I’m reminded of some of the neurological research around the effects of occupying a position of relative power in a system, think was done with police officers, citation needed.

I know neuro/bio research shouldn’t be necessary to tell us power (whether for victims or perpetratorr) screws people up, but…yeah.

Your model sounds inspirational, hope to follow up.

Hello Thom,

Thanks for your reply. I’m pretty sure the logic of the name of our collective is meant to be self-explanatory, if not also agitating in nature.

Yeah, you’re right, we don’t really need science to tell us that power makes us ill.

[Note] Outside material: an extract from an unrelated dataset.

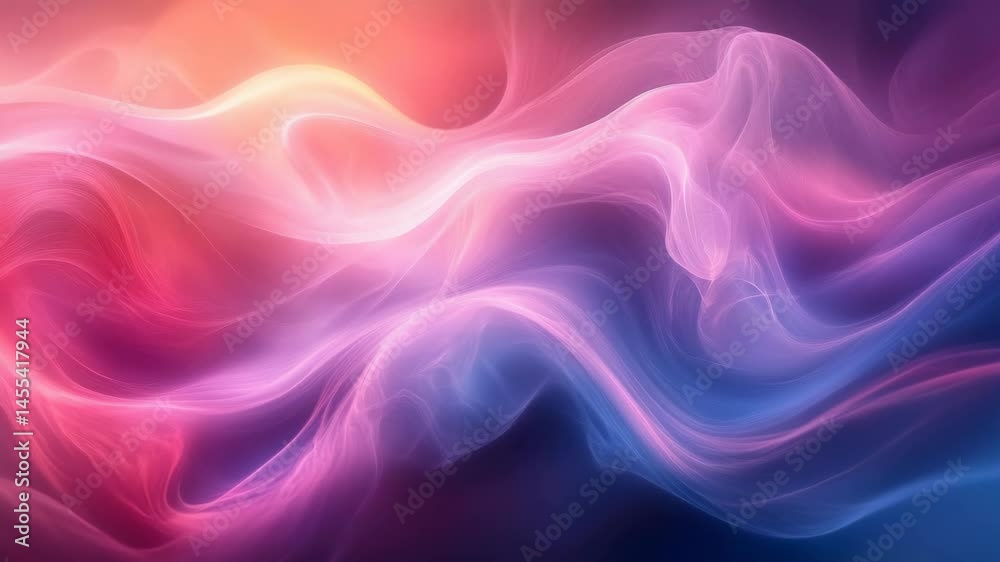 Ethereal flow Abstract waves, blends pink, violet, blue, soft, dreamlike background Ethereal flow Abstract waves, blends pink, violet, blue, soft, dreamlike background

Most of us are painfully aware of this.

We’re excited to hear more of what you’re working on and share stuff too.

@powermakesussick this is just wonderful! Thank you for sharing, thank you for doing.

So I’m coming from an aligned perspective when it comes to care, in that I think that toxic power dynamics are central to the brokenness of intimate and systemic relationships of care. Some of the ways in which I’ve been thinking through and practicing this refer to certain post-feminist, queer and decolonial approaches. I’ve been thinking that if we can start with shifting our very psychoanalytic experience of the Self and Other, that if we begin relating through what I call an “expanded self” or what Bracha Ettinger calls the “matrixial borderspace,” then we might be able to address the root of these issues. I have much more to say on this… will you be at the OpenVillage festival? Perhaps we can share more in person. In any case, you may like to look at the work of Bracha if you’re not yet familiar with it - very high theory but beautiful in the ways it pushes beyond the patriarchal model of psychoanlaysis.

What I’ve come to realise however is that my philosophical and practice-based explorations are limited in how they can address wider immediate care needs and will take a long time to unfold. This is what I appreciate about what you’re doing! Is that you’re translating these ideas into a tangible accountability model for health. I’m not sure I understand it in its entirety, and yet another reason I hope we can talk more!